> _TASK TO CARRY OUT_: Every line from the one holding "Un baño con ducha y lavabo de pedestal." through the one holding "Hush Boutique overdyed" in the data below must be returned exactly, both ends included, with pictures left out and nothing else added.

> _DATASET_:
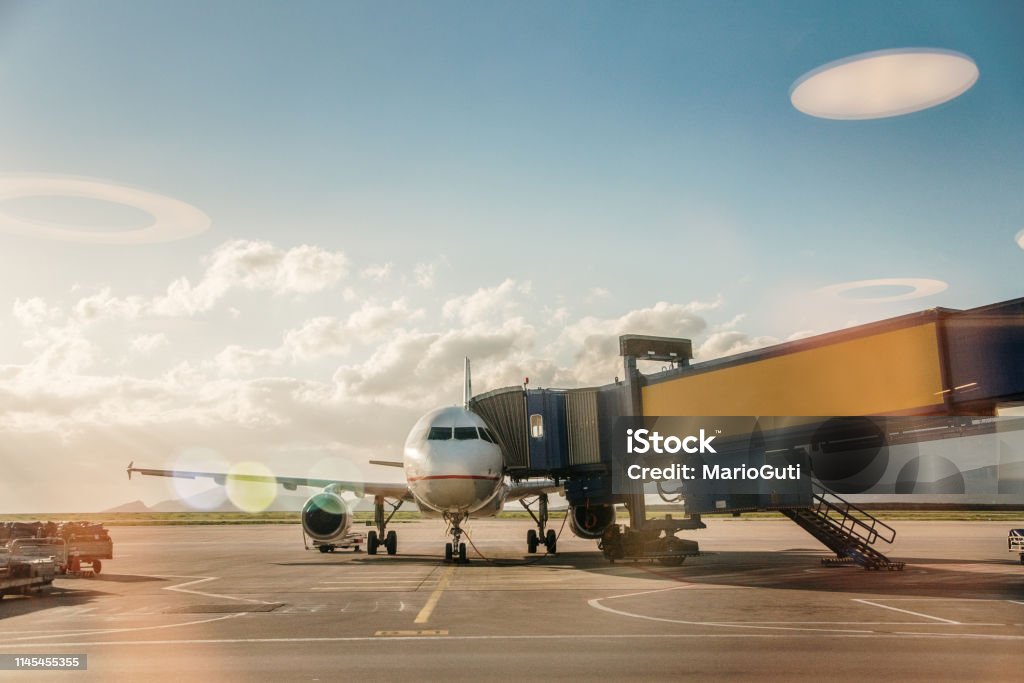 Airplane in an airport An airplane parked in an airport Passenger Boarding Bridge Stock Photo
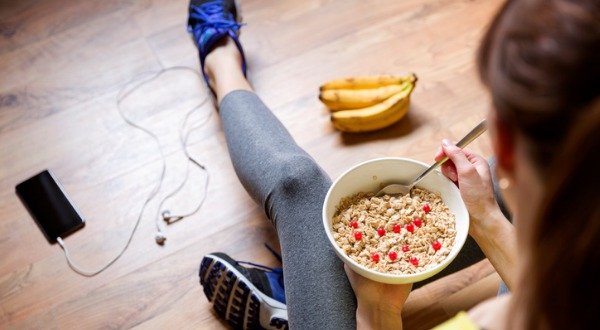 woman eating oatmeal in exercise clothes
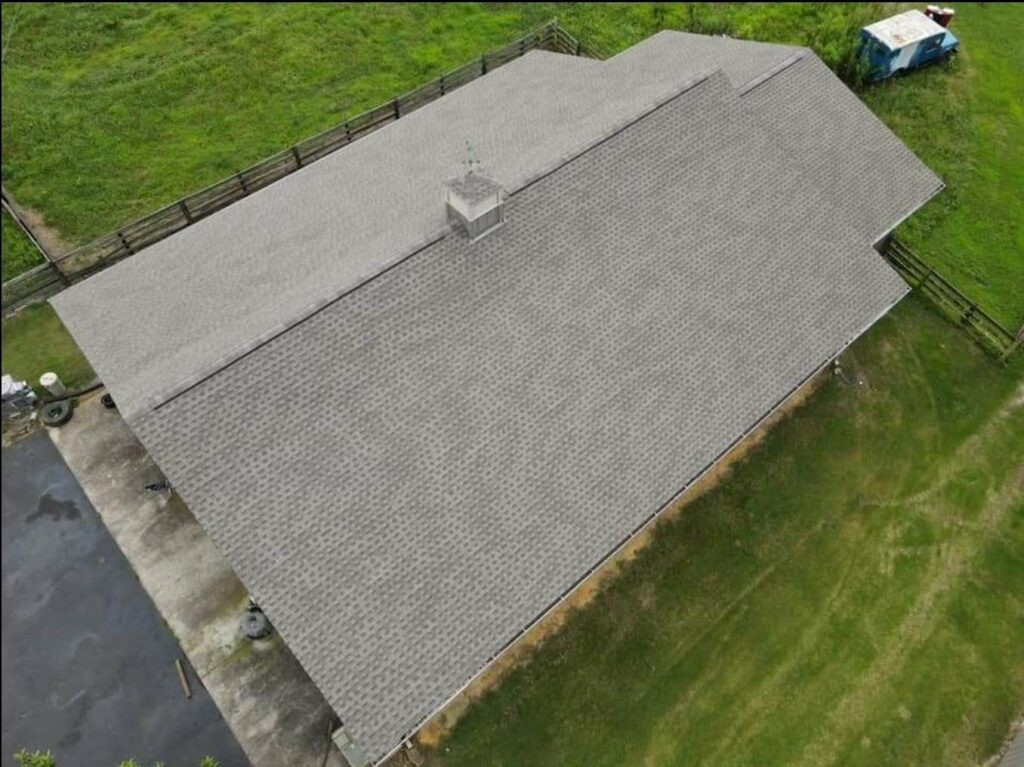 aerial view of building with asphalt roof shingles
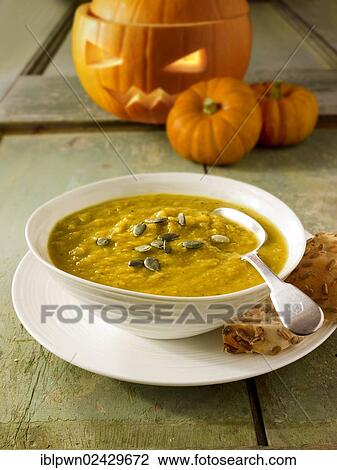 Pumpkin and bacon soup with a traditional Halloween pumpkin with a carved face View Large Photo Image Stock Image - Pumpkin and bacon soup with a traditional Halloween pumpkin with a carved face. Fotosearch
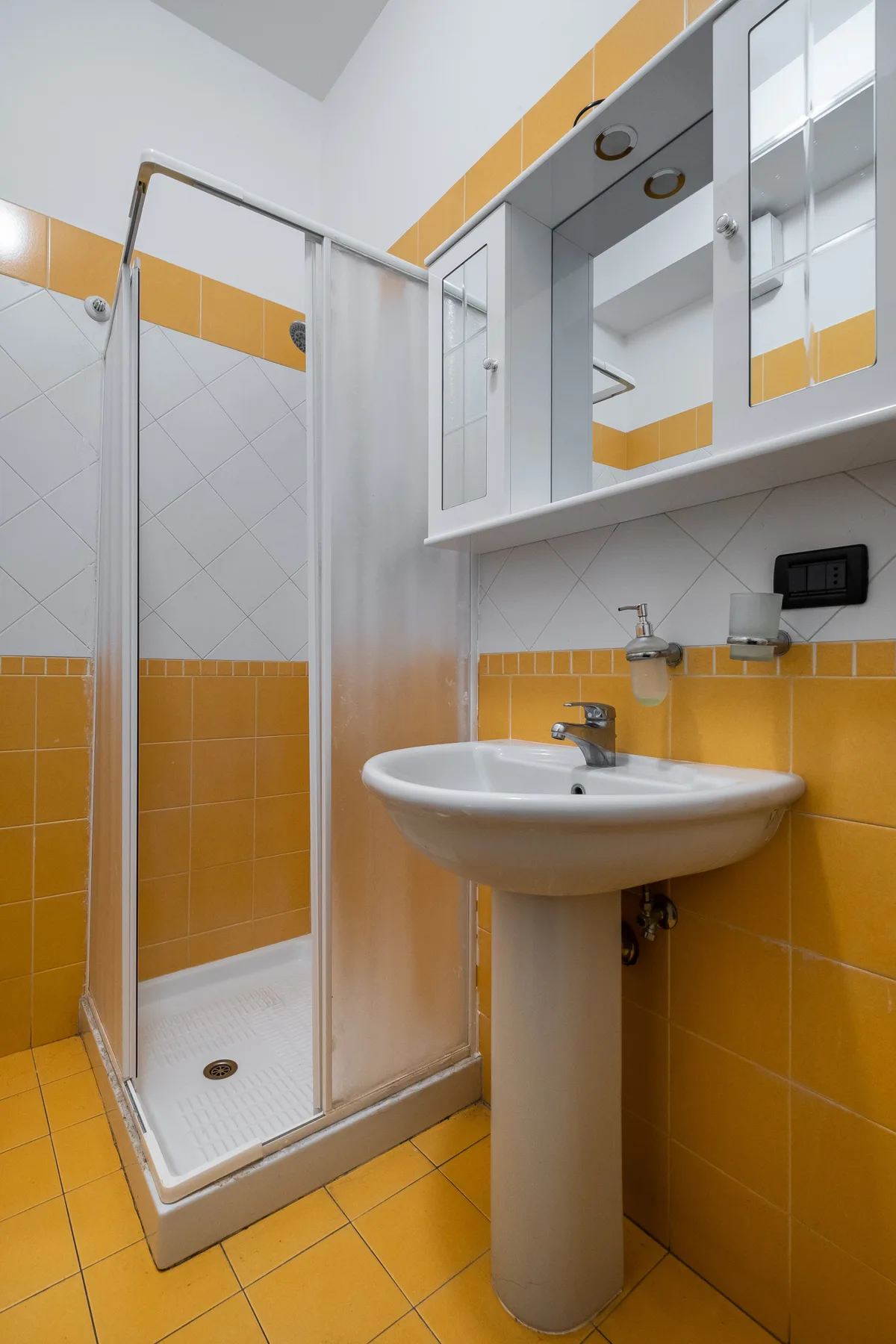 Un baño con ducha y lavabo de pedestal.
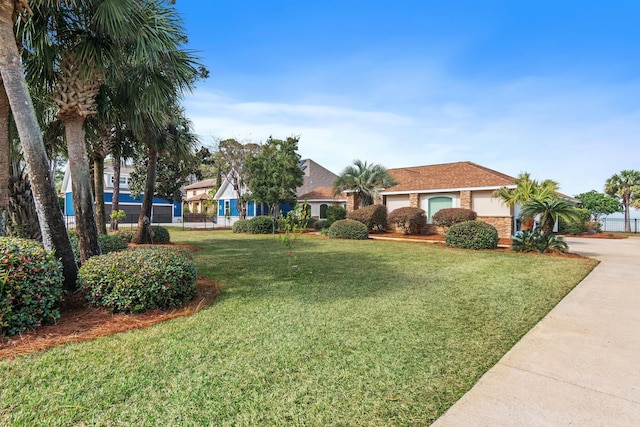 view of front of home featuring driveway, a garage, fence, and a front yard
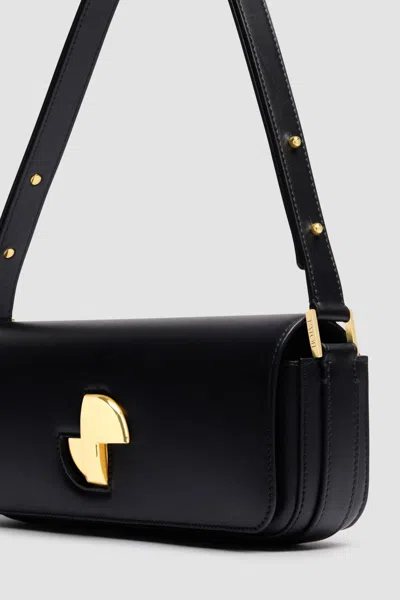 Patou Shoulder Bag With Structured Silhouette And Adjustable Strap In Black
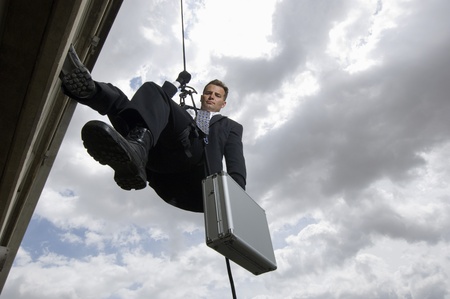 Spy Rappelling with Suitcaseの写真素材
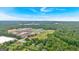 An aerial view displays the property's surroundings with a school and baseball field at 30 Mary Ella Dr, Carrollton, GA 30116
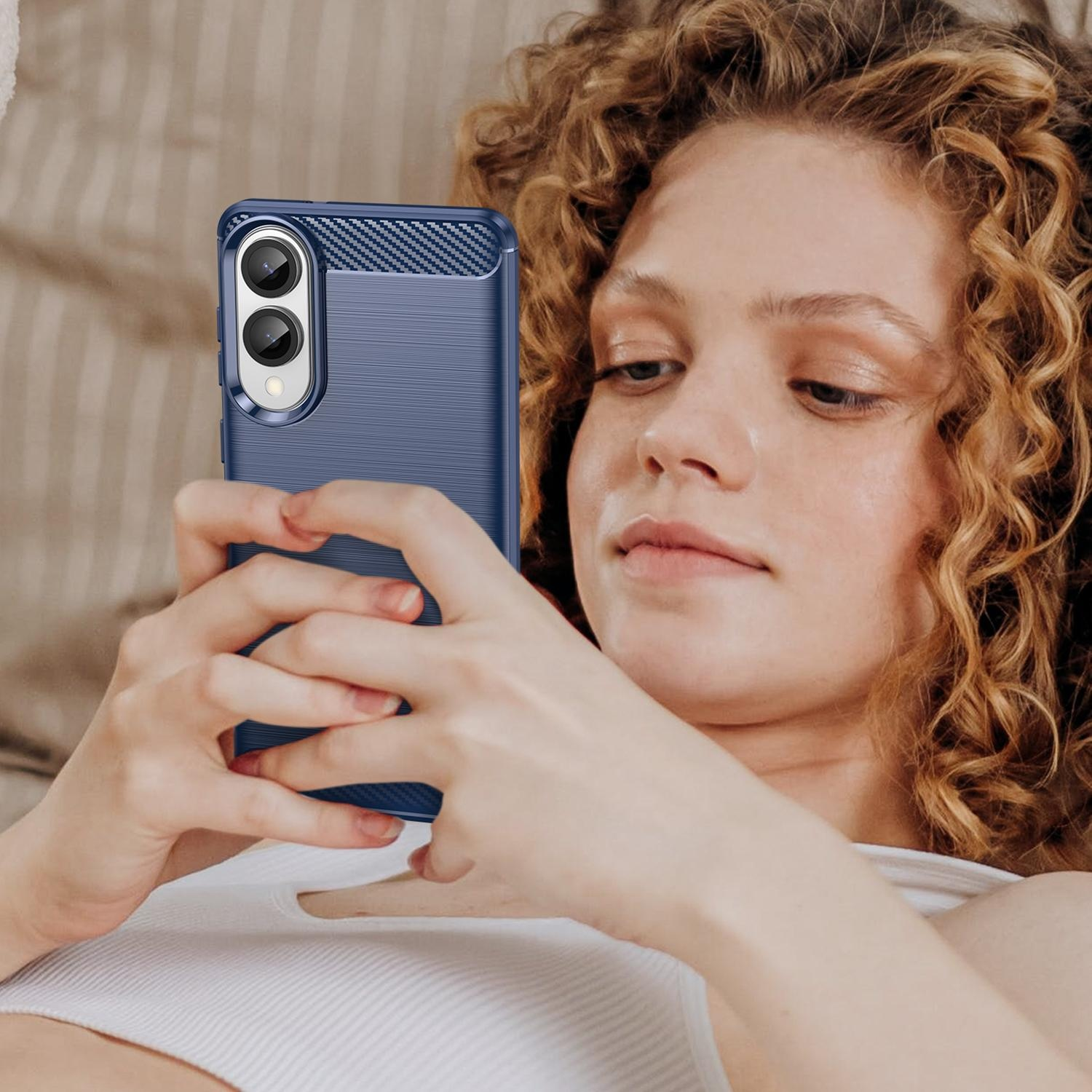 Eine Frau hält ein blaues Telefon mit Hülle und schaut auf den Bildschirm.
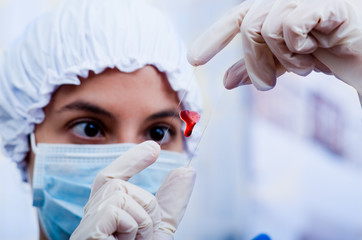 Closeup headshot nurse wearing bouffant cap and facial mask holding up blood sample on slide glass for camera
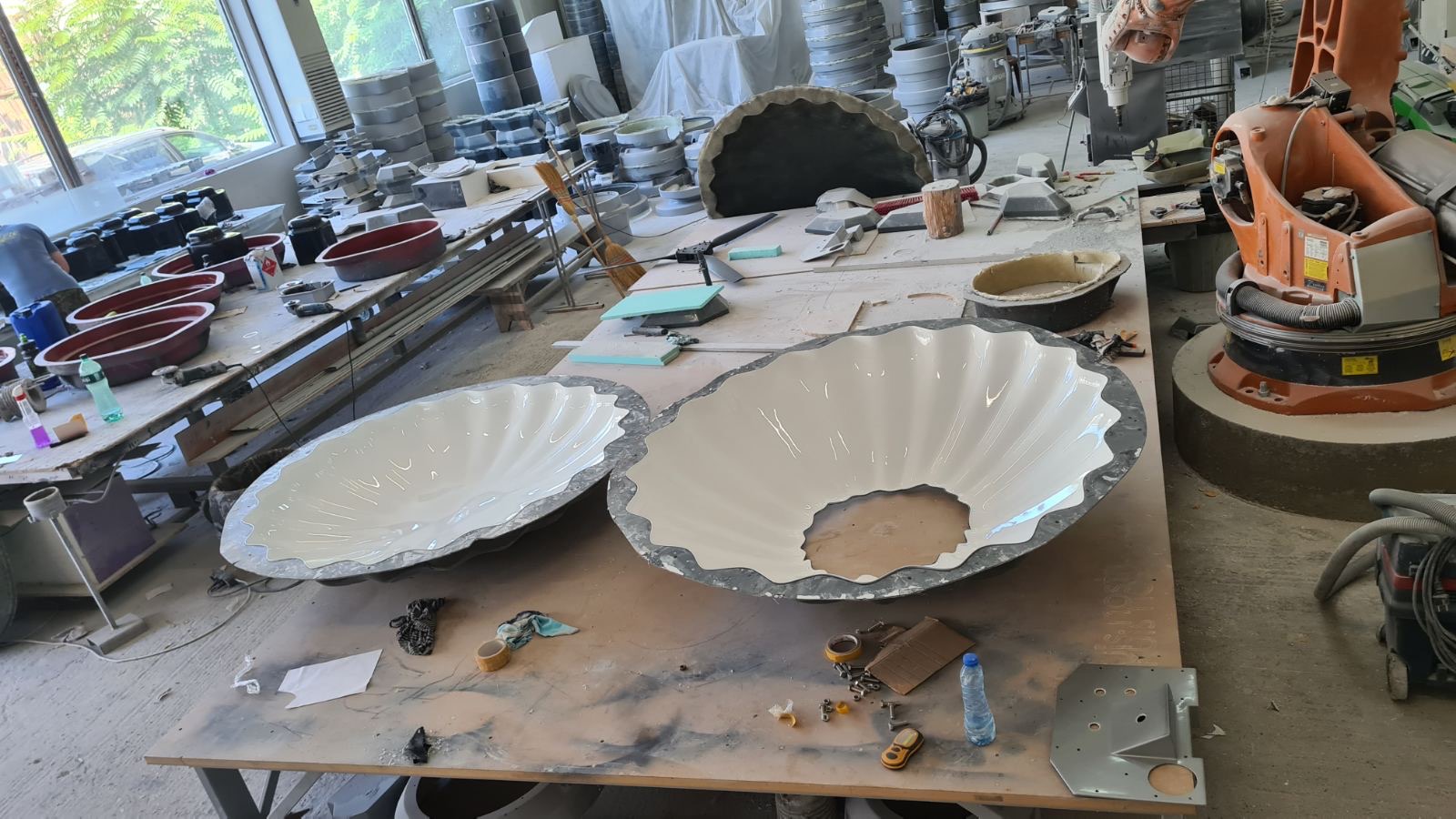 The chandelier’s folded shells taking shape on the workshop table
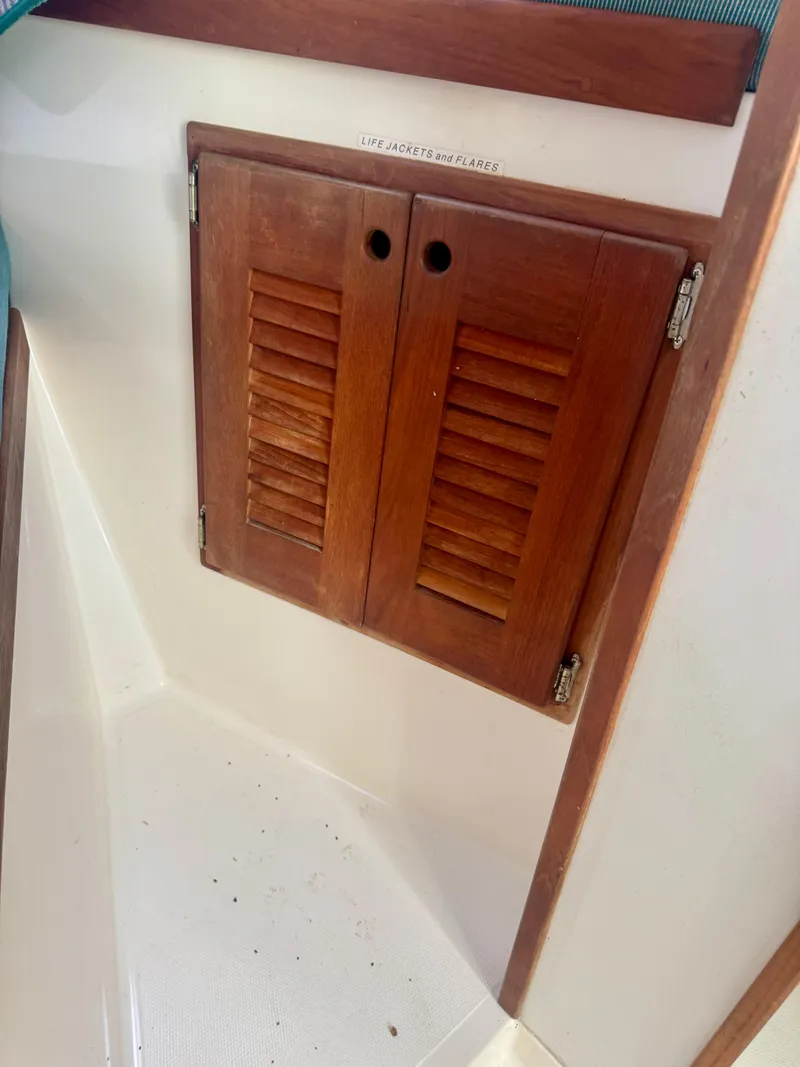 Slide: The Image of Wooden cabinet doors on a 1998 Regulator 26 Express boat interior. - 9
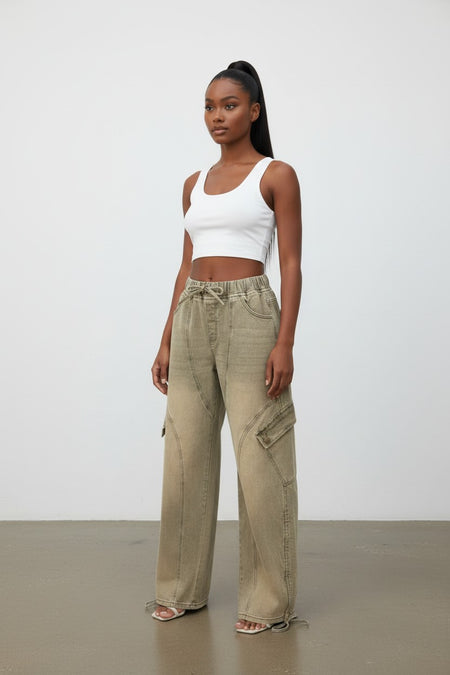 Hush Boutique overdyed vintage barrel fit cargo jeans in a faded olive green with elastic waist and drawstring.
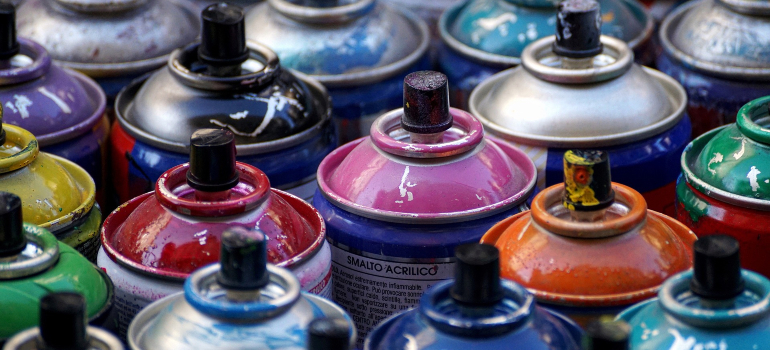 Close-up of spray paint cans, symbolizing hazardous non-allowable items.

> _TASK OUTPUT_:
 Un baño con ducha y lavabo de pedestal.
 view of front of home featuring driveway, a garage, fence, and a front yard
 Patou Shoulder Bag With Structured Silhouette And Adjustable Strap In Black
 Spy Rappelling with Suitcaseの写真素材
 An aerial view displays the property's surroundings with a school and baseball field at 30 Mary Ella Dr, Carrollton, GA 30116
 Eine Frau hält ein blaues Telefon mit Hülle und schaut auf den Bildschirm.
 Closeup headshot nurse wearing bouffant cap and facial mask holding up blood sample on slide glass for camera
 The chandelier’s folded shells taking shape on the workshop table
 Slide: The Image of Wooden cabinet doors on a 1998 Regulator 26 Express boat interior. - 9
 Hush Boutique overdyed vintage barrel fit cargo jeans in a faded olive green with elastic waist and drawstring.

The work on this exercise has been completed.